President Obama announced Monday that the United States would send an additional 250 Special Operations forces to Syria, a small but significant escalation in America’s ongoing campaign in the region.
The extent of what U.S. Special Operations forces are doing in Syria and neighboring Iraq is unclear. While some units are acting chiefly as advisers to local forces such as the Iraqi army and Kurdish peshmerga, other teams — probably elements of Joint Special Operations Command — have conducted raids against the Islamic State, capturing and killing key leaders of the extremist group. Pentagon officials have been loath to comment on their deployments, citing operational security concerns.
Recent footage posted online over the weekend from news site France24, though, provides some insight.
The video, shot in February as the Syrian Democratic Forces battled for the eastern Syrian town of Shadadi, shows a small contingent of U.S. forces acting as an observation element for what appears to be U.S. airstrikes carried out by A-10 ground attack aircraft.
Shadadi, a border town that served as a conduit for Islamic State forces bound for Iraq, was seized relatively quickly by the Syrian Democratic Forces and Syrian Kurds. The Pentagon trumpeted the battle’s outcome, hailing the operation’s success and speed as a model for its campaign in Syria. The Syrian Democratic Forces — a coalition of Syrian opposition groups — and Syrian Kurds took most of Shadadi in less than a week, supported by U.S. airstrikes and Special Operations forces on the ground.
The team in the video is likely a mixture of troops from various Special Operations units, which could include Air Force Tactical Air Command and Air Control Party Specialists, Army Green Berets, and members of the Army’s Delta Force.
While little takes place in the short video, much of the U.S. troops’ mission can be discerned from the type of equipment they are carrying. Aside from their weapons, including Remington’s Modular Sniper Rifle, an M-32 semiautomatic grenade launcher and what appears to be a hatchet, the Special Operations troops’ real firepower comes from a suite of inconspicuous devices that allow them to call in airstrikes.
In the footage and above images, the troops are clearly behind the lines, as they are operating from recently constructed berms. One soldier is likely operating a Leupold Mk.4 spotting scope on a tripod, while the soldier in front of him is pointing an LA-16U handheld laser marker. The spotting scope contains crosshairs that would give the observer the ability to watch and correct airstrikes by using markers in the crosshairs. The handheld laser marker, meanwhile, fires a laser that contains a four digit code, known as a pulse repetition frequency. The same code is also set on the supporting aircraft’s laser guided munitions, allowing the bomb to “see” the laser on the ground and guide itself into the target. Handheld laser markers are relatively new and are often not as accurate at longer ranges when compared with the larger laser-designating devices used by more conventional units.
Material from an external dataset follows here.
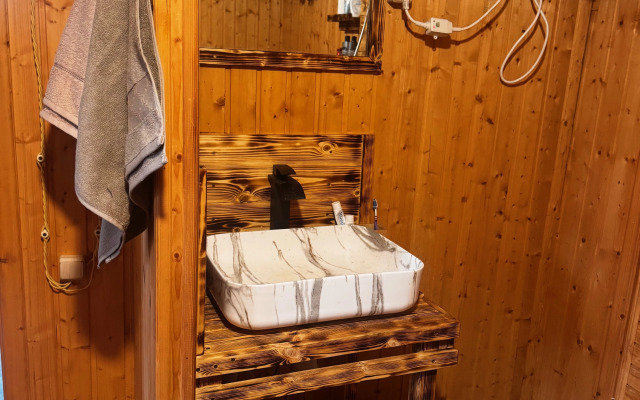 V Lesu S Baney I Kupelyyu Private house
Another piece of equipment is highlighted in the image above. The device, only slightly bigger than an iPhone, serves as a crucial node that allows U.S. forces to be effective observers for airstrikes without actually being in combat. The Remote Operations Video Enhanced Receiver (ROVER), which has been used since the mid-2000s, allows for overhead aircraft to transmit a video feed from their sensors to troops on the ground. The ROVER allows that feed to be funneled securely to another device, such as a computer or tablet. Older versions of the ROVER had a slight delay between the aircraft and the ground, forcing air controllers to use additional means to ensure they had real-time information before they were allowed to strike targets seen through the ROVER. The newer iteration, called the Tactical ROVER-p and seen in this image, is billed as providing real-time imagery.